Tom's "Inside the War Against Robert Gates" at Esquire.com

This is me subbing for fellow Esquire contributing editor John Richardson, a very seriously talented journalist and writer, in his weekly "Richardson Report" (political column) at Esquire.com. Richardson is otherwise occupied and Esquire's online editor, Matt Sullivan, asked me to help out this week and next, so this is the first of a planned two columns.

Not my title (Inside the War Against Robert Gates), but then they never are.
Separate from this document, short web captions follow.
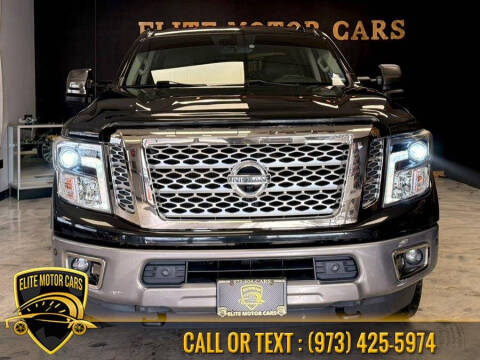 2018 Nissan Titan XD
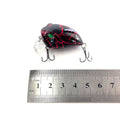 Selco China Hot Sale Item 5 Colors Fishing Lure 4.5Cm 7.9g Crank Bait SGHL-95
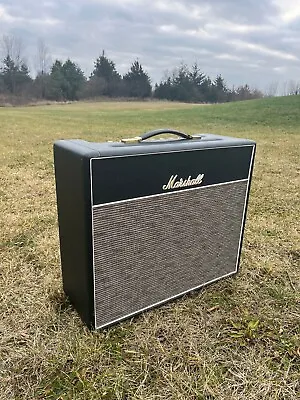 Marshall 1974X 18 Watt Hand-wired Guitar Amp - Made In England • $2000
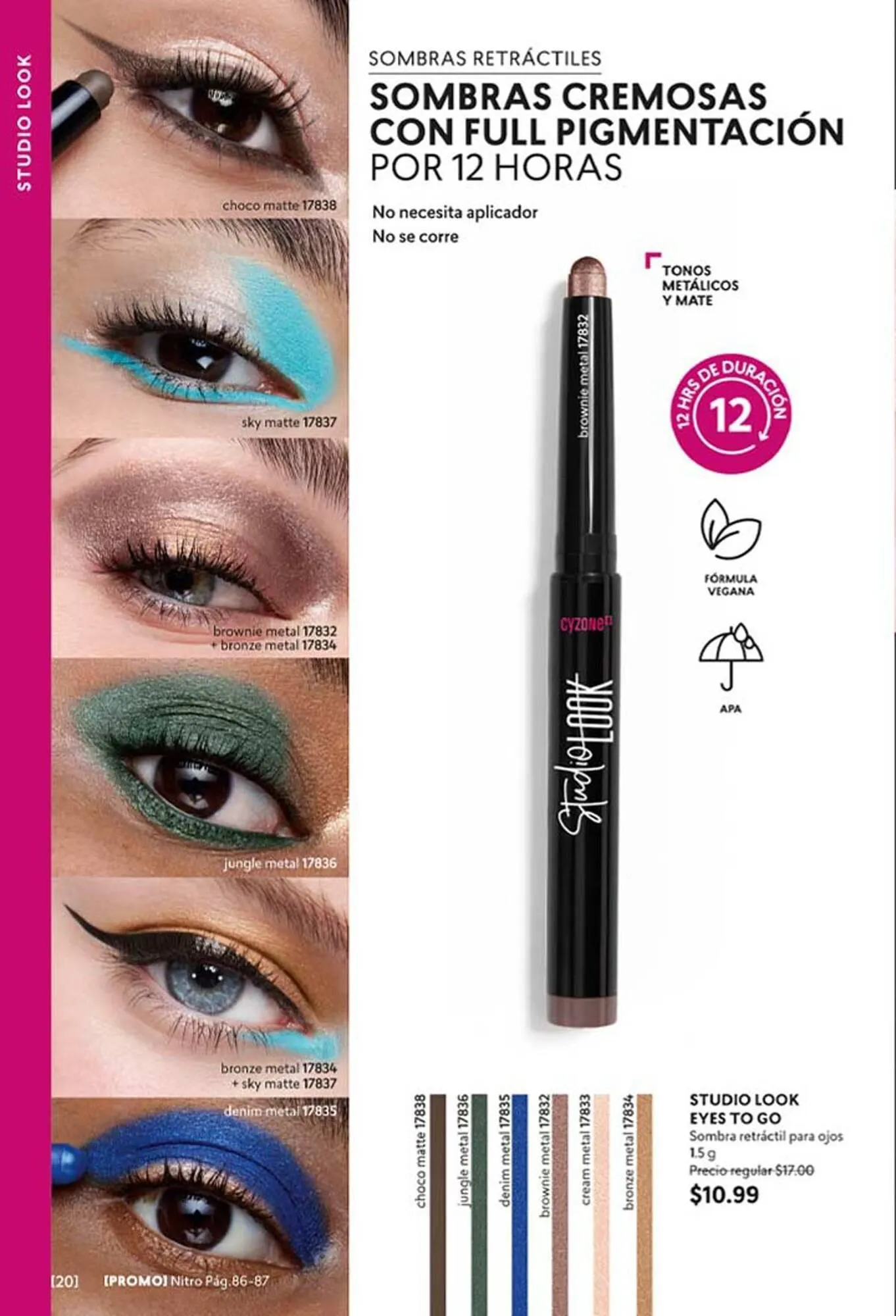 Catalogo de Catálogo Cyzone 31 de diciembre al 27 de enero 2024 - Pag 20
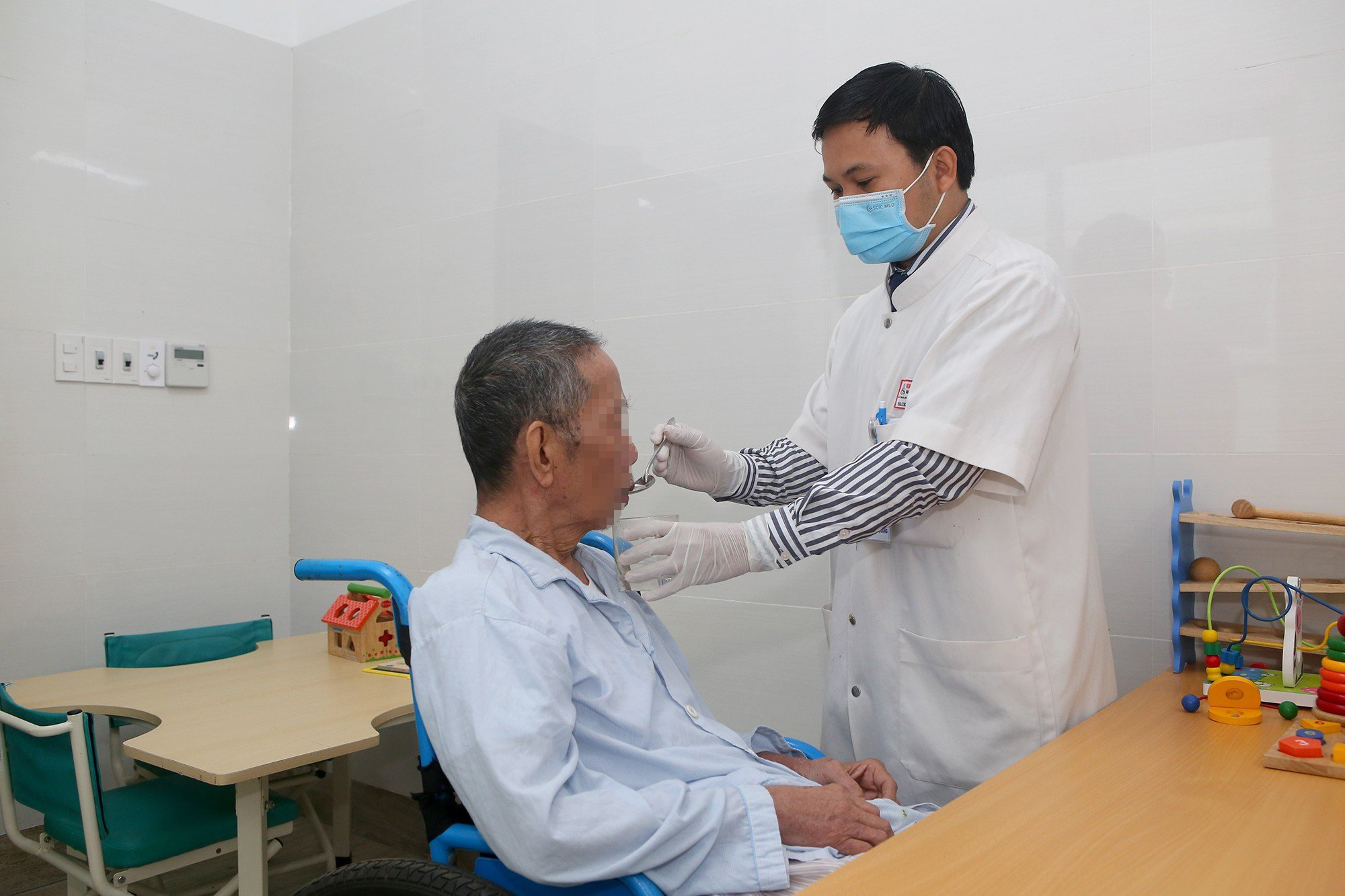 Chăm sóc người cao tuổi theo phương pháp Nhật Bản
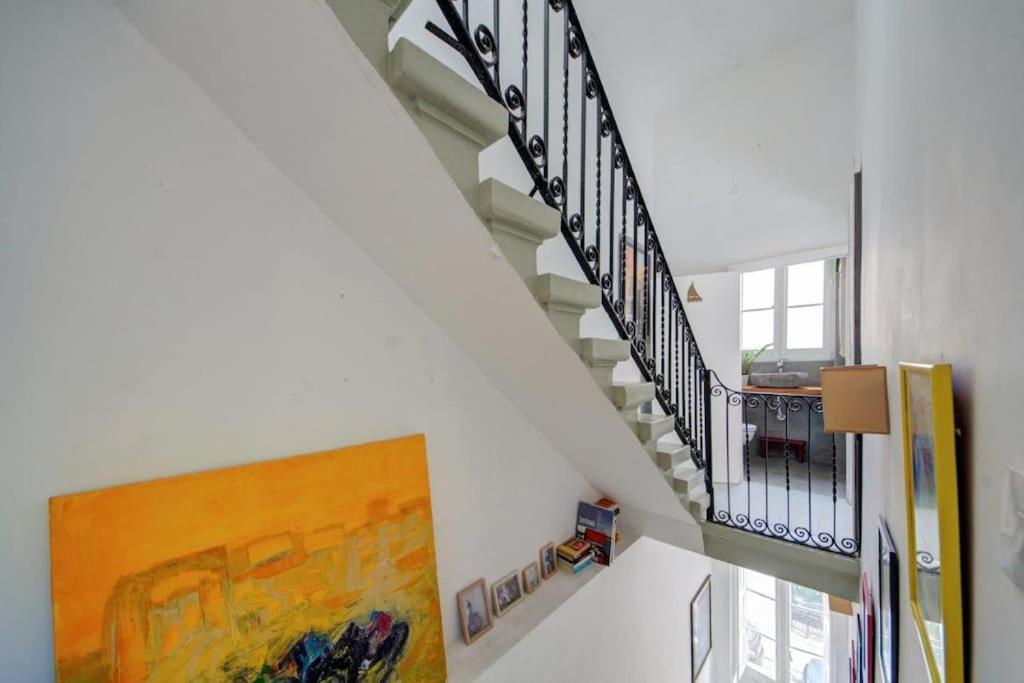 Traditional Maltese Town House In Floriana Екстер'єр фото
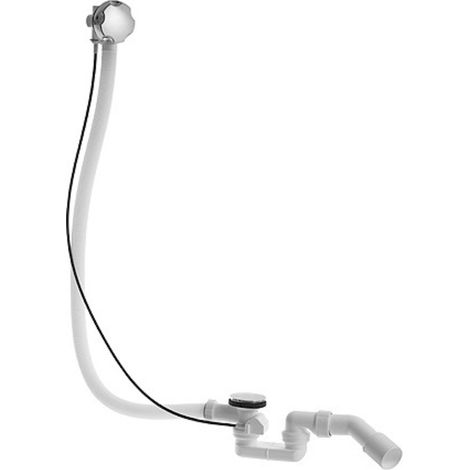 Garniture d'écoulement et de trop-plein Duravit D-Code, sortie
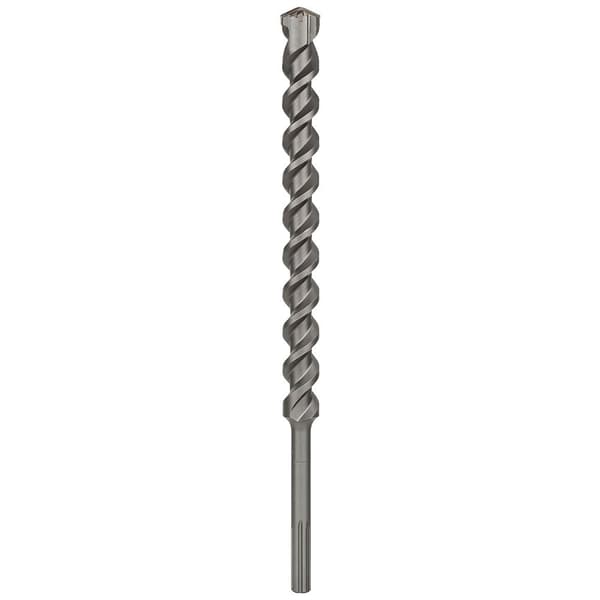 Bosch Professional Vägghammarborr Sds Max-4 35x400x520 Mm Silver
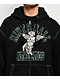 Ninth Hall Detention Black Zip Hoodie - Thumbnail image 3 of 7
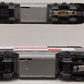 Lionel 6-8851 O Gauge New Haven F3 AA Diesel Locomotive Set #8851/8852 EX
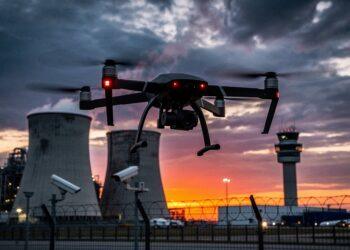 Drohnen Gefahr Warum Sicherheitskräfte hilflos sind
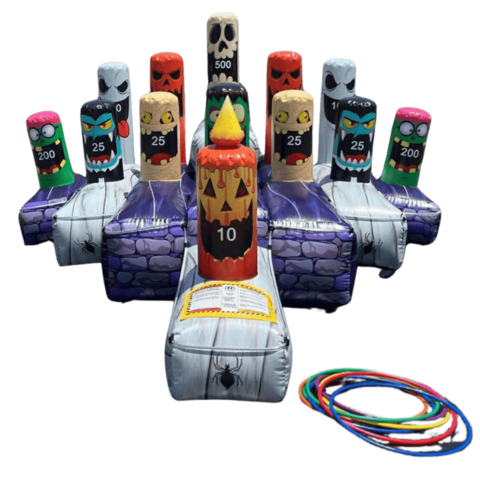 Monster Ring Toss Monster Ring Toss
As always, the title jacks up the drama a bit but accurately captures the intent and main content of the piece--namely, Gates is going to come under a lot of attack for trying to make this momentous shift happen.

I wrote it yesterday. I wanted people to understand just how serious Gates' effort truly is.

Now here's a funny bit: military officer inside the Pentagon (in the Office of the Secretary of Defense) emails me and asks me to send him a copy of the piece. Turns out he can't access Esquire.com from a government computer there--blocked! So I archive a print version of the piece and send it to him as an attachment to pass around OSD.

God I don't miss working for the government.

My favorite memory: trying to access hate sites on my Naval War College PC and finding the sites blocked. I complained to the SysAdmin: "This is the Naval War College, not the Peace College. I need to be able to access hate sites for my work!" (at the time, I was researching millennial terrorist groups).

Alas, I was told that was against government web policy . . ..

Apparently, Esquire is too racy for the Pentagon.

Reader Comments (4)

Great piece Tom. Gates gives me peace of mind.
April 14, 2009 | Unregistered CommenterVincent Bataoel
Tom,

Just so you know for a long time your weblog was banned at Fort Sill and Fort Hood, I used to try and access from my govt computer.

You are unblocked in Afghanistan,

Mike1LT, FA
April 15, 2009 | Unregistered Commentermike
I noticed your piece in the Early Bird this morning - so us government types can now read it, too!
April 15, 2009 | Unregistered CommenterRobert L
Had the same 'blue screen of shame' issues when I was working chemical weapons demilitarization. TPMB I can get now, but not blogspotters like Information Dissemination (or Mountain Runner). Oh, the irony.